He delivered Cronulla's elusive maiden premiership but, sadly, Shane Flanagan's legacy will be further tarnished following his second NRL coaching ban in five years.
Flanagan on Wednesday had his coaching licence provisionally deregistered after the NRL Integrity Unit uncovered emails that showed the 53-year-old broke rules by repeatedly communicating with the club during his 2014 exile for his role in the infamous supplements scandal.
He can appeal, but, even if the latest ban doesn't end his NRL coaching career, Flanagan's name has been muddied, likely forever.
Many will be pleased to see the back of him and hope he never returns.
But those close to the affable and approachable Flanagan, especially his players and ex-charges, will be shattered for a fatherly figure who refused to abandon them during the club's most turbulent period four years ago.
"I'm going to look after them.

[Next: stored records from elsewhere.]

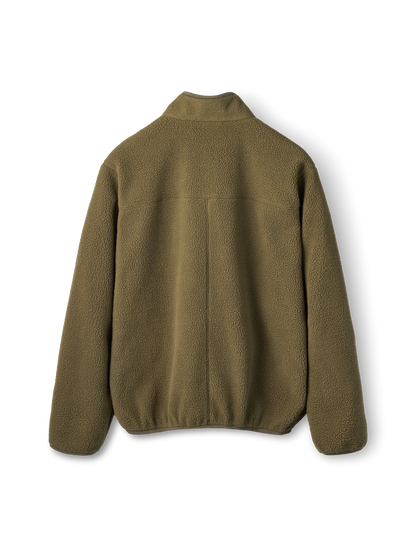 Mountain Fleece Jacket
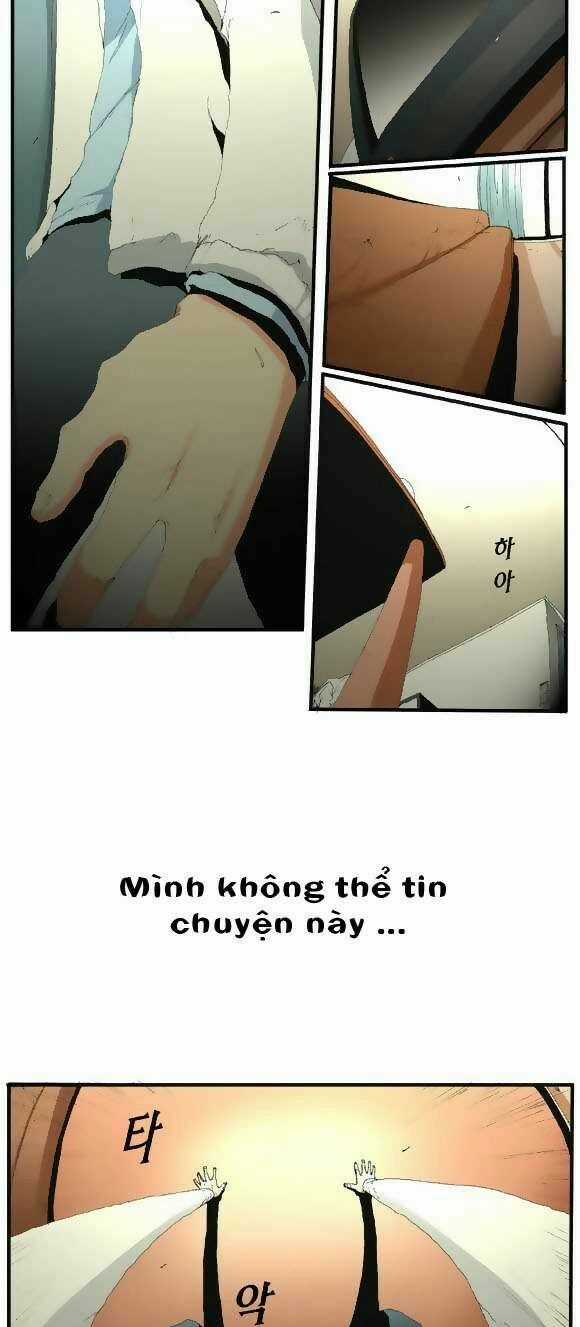 Siêu năng - Chapter 23 - Trang 7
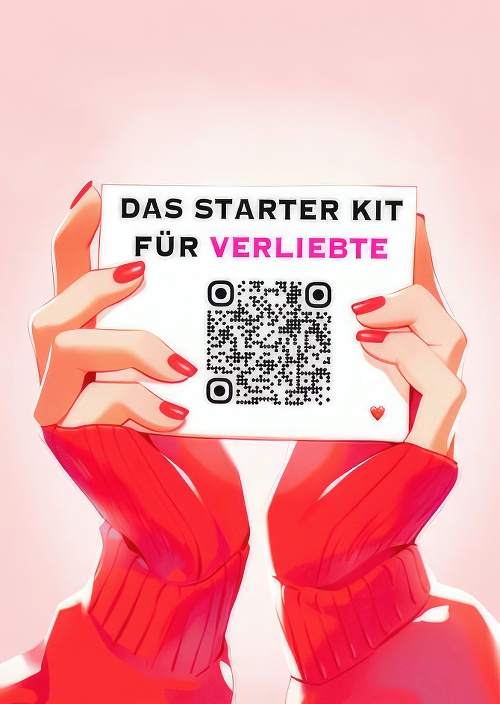 Starter-Kit Ehevorbereitung Paartherapie als Geschenk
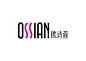 女鞋品牌LOGO设计http://www.logobiaozhi.com #Logo#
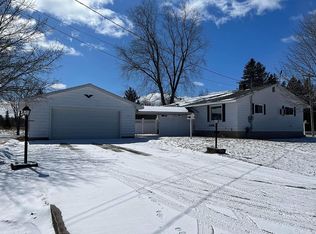 2272 Genschaw Rd, Alpena, MI 49707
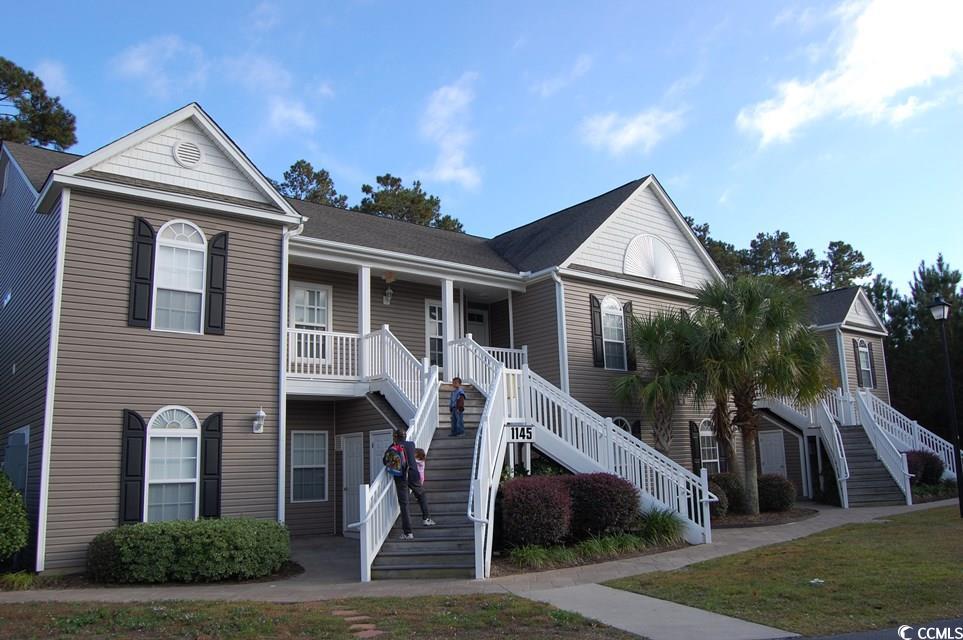 1145 Peace Pipe Pl. UNIT #101 Myrtle Beach, SC 29579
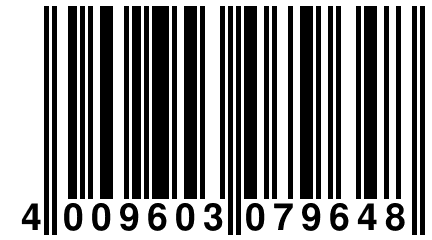 4 009603 079648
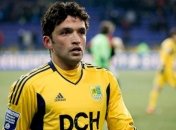 Футболист Эдмар о повестке и ситуации в Украине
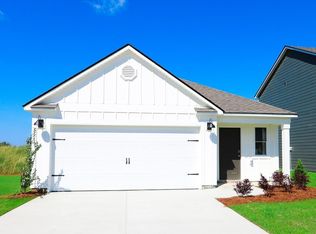 1500 Long Leaf Ln, Odenville, AL 35120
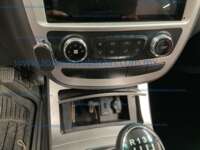 Jac Frison 2023 4p T8 Doble Cabina L4/2.0/T Man 2023 Jac Frison Ingreso Interiores 11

I've got to protect those players," Flanagan said as the drawn-out ASADA investigation took its toll.
"Some of them are only young boys."
Flanagan could never have imagined his coaching career unfolding quite like it has.
A nuggety hooker in his playing days, his seven-year, 78-game premiership career with St George, Western Suburbs and Parramatta was cut short by a knee injury in 1995.
But after being shown the coaching ropes by the great Bob O'Reilly at the Eels, Flanagan steered the Sydney Roosters to an undefeated Jersey Flegg premiership in 2004 before continuing his apprenticeship as an assistant to Ricky Stuart for two seasons at the Tricolours, then enjoying a four-year NSW State of Origin stint under Craig Bellamy.
He rejoined forces with Stuart at Cronulla before earning his big break at the Sharks when Stuart quit with six rounds remaining in 2010.
Flanagan guided the Sharks to the finals in his second full season in charge and immediately went to work on recruiting a series of NRL hard-heads including Luke Lewis, Andrew Fifita and Chris Heighington, in a bid to transform the club into a genuine title force.
Instead, his premiership plans - and world - came crashing down for a first time when banned for the entire 2014 season for his role in the Sharks' peptides saga.
The father of three always denied any knowledge of wrong-doing in the program but his decision in 2011 to introduce sports scientist Stephen Dank to the club had come back to haunt him.
A plumber by trade who once selflessly tiled the Sharks' gym, Flanagan feared he'd have to return to the tools.
Instead, he rebounded from his suspension to take Cronulla from the wooden spoon to the semi-finals in 2015.
But that was merely the appetiser to the main course as Flanagan's men - led by Clive Churchill Medallist Lewis and try-scoring match-winner Fifita - finally ended the club's 50-year wait with a heart-stopping 16-12 victory over minor premiers Melbourne in the 2016 grand final.
The emotional breakthrough reduced skipper Paul Gallen and club legend Andrew Ettingshausen to tears in the immediate aftermath.
But there will be tears of a very different kind now for Flanagan and his fiercely loyal Sharks clubmates after the latest devastating twist in the popular coach's rollercoaster career.